• Neil Haas, Patrick Procktor
  • The Approach
  • 24.05—17.06.18

The Approach is pleased to present an exhibition combining the watercolours of the late British artist Patrick Procktor (b. 1936, d. 2003) with drawings by London-based artist Neil Haas (b.1971). The show will centre on the artists’ shared interest in portraiture, particularly their focus on the male figure.

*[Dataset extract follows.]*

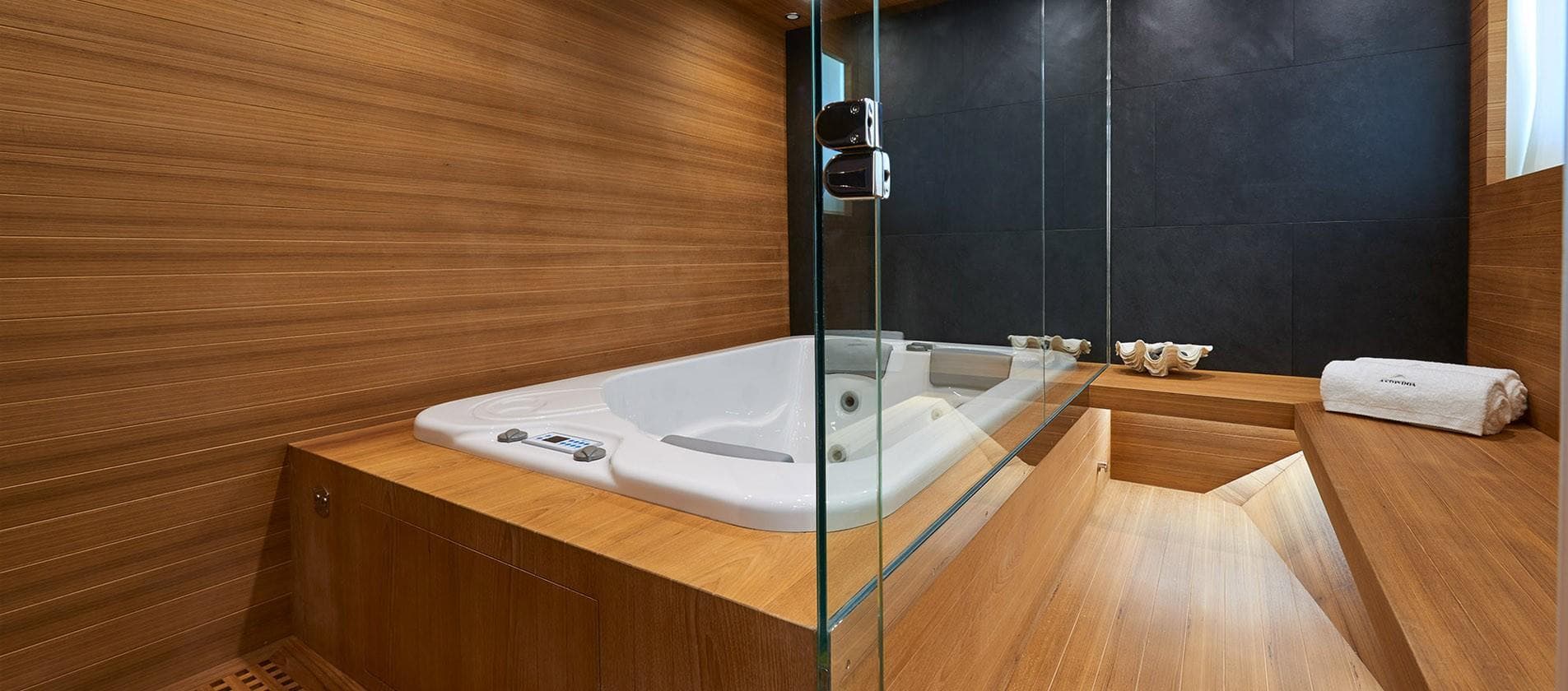 Luxurious bathroom with wooden accents on the 2023 Astondoa 100 Century yacht.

Patrick Procktor quickly rose to fame following an acclaimed sell-out show at London’s Redfern Gallery in 1963. A tall, dandy and flamboyant socialite, Procktor immersed himself into the creative London scene of the time, possessing close friendships with David Hockney, Derek Jarman, Bryan Robertson and the designer Ossie Clark. Drawing others into his increasing social circle, many of whom later became subjects in his works, Procktor soon became a prominent figure that effortlessly bridged the hedonistic worlds of art, music and fashion. Initially working with both oil and ink, Procktor excelled in the unfashionable medium of watercolour, a technique he took up whilst on holiday in Europe during the summer of 1967. Fascinated by light, Procktor used watercolour delicately to give the impression of figures being illuminated from behind, which was also enhanced by his deft skill of painting in the negative. The quickness necessary to execute watercolour freed him from the more laborious method of working with oil on canvas, creating a sensitive and personal approach to painting that seemed at the heart of his practice. Not achieving the prolonged fame of his close friend Hockney, Procktor’s work become overlooked in later years. Drink took a hold leading to a disastrous fire at his home in 1999, destroying many works and leaving him impoverished and with declining health. He died in London in 2003 aged 67.

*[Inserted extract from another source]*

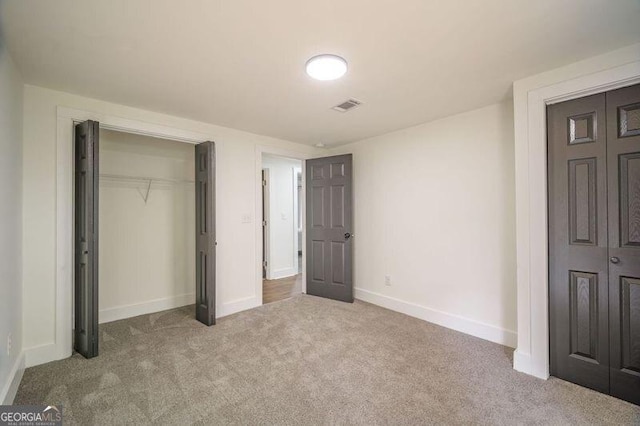 unfurnished bedroom featuring light colored carpet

In contrast to Patrick Procktor, whose familiar subjects often sat for the artist, the young men in Neil Haas’s drawings are unknown to the artist, sourced from men’s fashion and lifestyle magazines or simply taken from the internet. Haas spent his younger years in the small Northern town of South Shields, where he acknowledges a familiar story of experiencing a kind of freedom from looking at fashion magazines, which he saw as a window to another world. Haas equated the handsome looks of the young men within the covers, to a happiness and desire formed from particular ideals of masculinity. Like Procktor, Haas also works in various media such as painting, sculpture, textile and performance, some elements of which are included in the show. Along with a performance on the opening night and the accompanying paraphernalia left lingering through the show, drawings on plastic Venetian blinds hang from the gallery ceiling. This unusual surface loosely relates to early memories Haas has as a teenager, secretly looking through an obscured bathroom window at a neighbour’s son across the road. The blinds act doubly as a visual metaphor, at once imitating the original source of Haas’s voyeurism, but also as a device for evoking the fractures or flaws underneath the surface of an imagined and overly idealistic sense of aesthetic beauty.